In the listing below, start your output at the line with "this 845×633 image." and end it after the line with "this 1270×952 image.", copying every line exactly.

(Beginning of DATA)

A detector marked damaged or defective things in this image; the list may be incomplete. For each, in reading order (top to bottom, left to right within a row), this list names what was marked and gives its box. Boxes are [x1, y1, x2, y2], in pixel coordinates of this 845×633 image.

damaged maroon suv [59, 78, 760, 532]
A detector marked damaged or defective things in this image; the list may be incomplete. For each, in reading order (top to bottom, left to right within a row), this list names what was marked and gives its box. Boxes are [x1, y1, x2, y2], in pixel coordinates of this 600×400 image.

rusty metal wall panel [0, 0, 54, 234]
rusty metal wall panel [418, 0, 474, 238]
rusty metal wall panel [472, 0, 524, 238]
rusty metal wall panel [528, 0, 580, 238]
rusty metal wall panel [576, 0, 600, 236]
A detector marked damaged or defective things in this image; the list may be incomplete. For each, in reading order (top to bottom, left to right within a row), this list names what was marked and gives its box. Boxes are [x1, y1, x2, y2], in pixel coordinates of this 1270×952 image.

(End of DATA)
(Beginning of DATA)

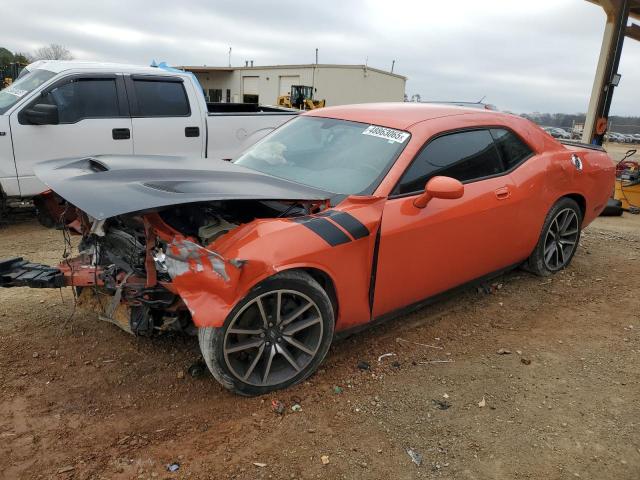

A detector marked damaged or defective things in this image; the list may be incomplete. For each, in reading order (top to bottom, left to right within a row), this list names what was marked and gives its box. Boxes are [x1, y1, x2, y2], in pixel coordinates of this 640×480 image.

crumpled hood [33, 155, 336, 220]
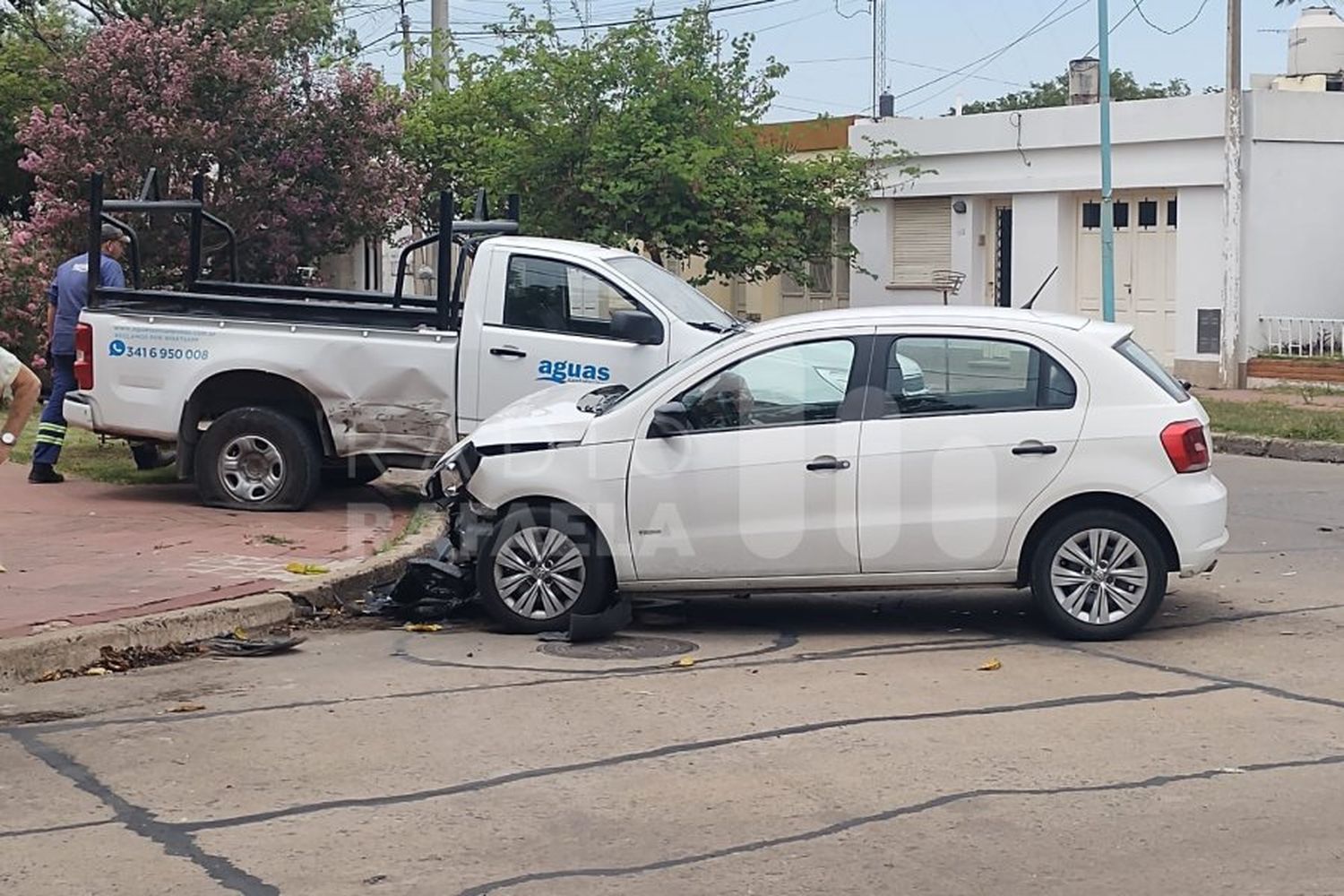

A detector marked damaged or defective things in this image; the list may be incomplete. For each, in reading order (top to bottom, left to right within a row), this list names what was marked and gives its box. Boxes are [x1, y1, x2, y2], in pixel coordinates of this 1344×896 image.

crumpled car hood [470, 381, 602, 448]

(End of DATA)

RESPONSE BELOW:
A detector marked damaged or defective things in this image; the list may be incomplete. For each, in reading order (top to bottom, left to right within a row), this list names what was marked and gives its box. Boxes are [x1, y1, x2, y2], in pixel coordinates of this 845×633 image.

damaged maroon suv [59, 78, 760, 532]
A detector marked damaged or defective things in this image; the list may be incomplete. For each, in reading order (top to bottom, left to right within a row), this list names what was marked and gives its box. Boxes are [x1, y1, x2, y2], in pixel coordinates of this 600×400 image.

rusty metal wall panel [0, 0, 54, 234]
rusty metal wall panel [418, 0, 474, 238]
rusty metal wall panel [472, 0, 524, 238]
rusty metal wall panel [528, 0, 580, 238]
rusty metal wall panel [576, 0, 600, 236]
A detector marked damaged or defective things in this image; the list may be incomplete. For each, in reading order (top to bottom, left to right within a row), this list names what was marked and gives its box. Boxes are [x1, y1, x2, y2], in pixel coordinates of this 1270×952 image.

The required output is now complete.